Grafton Sciences is building physical general intelligence, and this role is to build high-fidelity digital twins of robotic, electromechanical, and experimental systems to enable accurate predictive simulation and closed-loop interaction with RL, planning, and control stacks.
Requirements
- Strong experience building or calibrating digital twins, dynamic models, or data-driven physics models.
- Familiarity with system identification, time-series modeling, physical parameter estimation, and stability/fidelity considerations.
- Ability to blend physics, machine learning, and experimental data into robust predictive models.
- Comfortable working across ML, simulation tools, and physical hardware interfaces in a fast-moving research and engineering environment.
Responsibilities
- Develop model-identification pipelines, parameter fitting routines, and adaptive calibration systems for digital twins.

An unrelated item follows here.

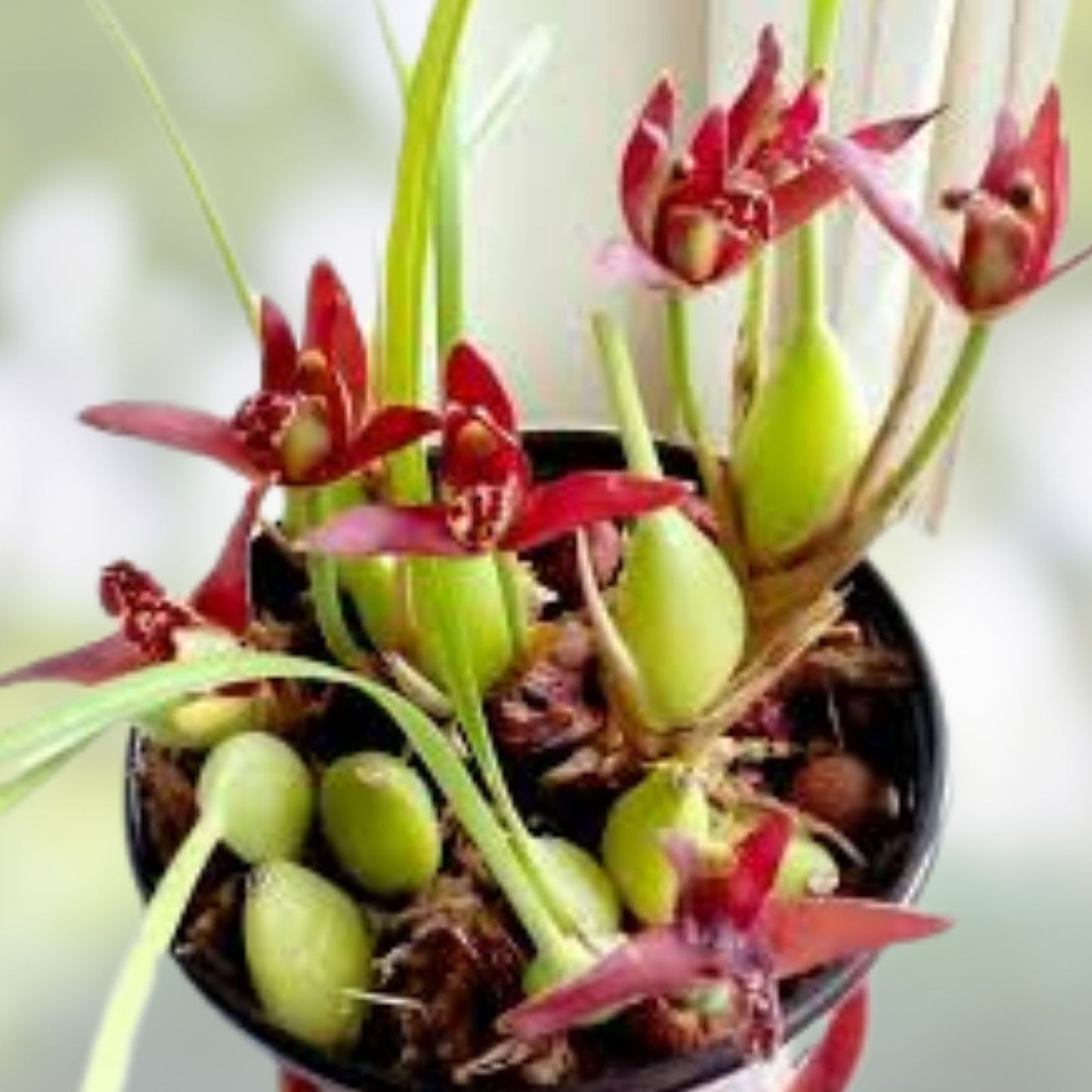 Maxillaria tenuifolia Orchid Cutting - Fragrant Exotic Flowering Orchid Plant, Blooming Size, Tropical Orchid Species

- Build ML-based dynamic models, multi-scale physics approximators, and hybrid simulation frameworks.
- Ensure twin fidelity, stability, and cross-version consistency as real systems change or new data arrives.
- Collaborate with simulation, RL, controls, and agent systems teams to integrate digital twins into learning and decision-making workflows.
- Design model-identification pipelines, calibration routines, dynamic-model learning systems, and multi-scale representations that enable accurate predictive simulation and closed-loop interaction with RL, planning, and control stacks.
Other
- Candidates who can demonstrate world-class excellence.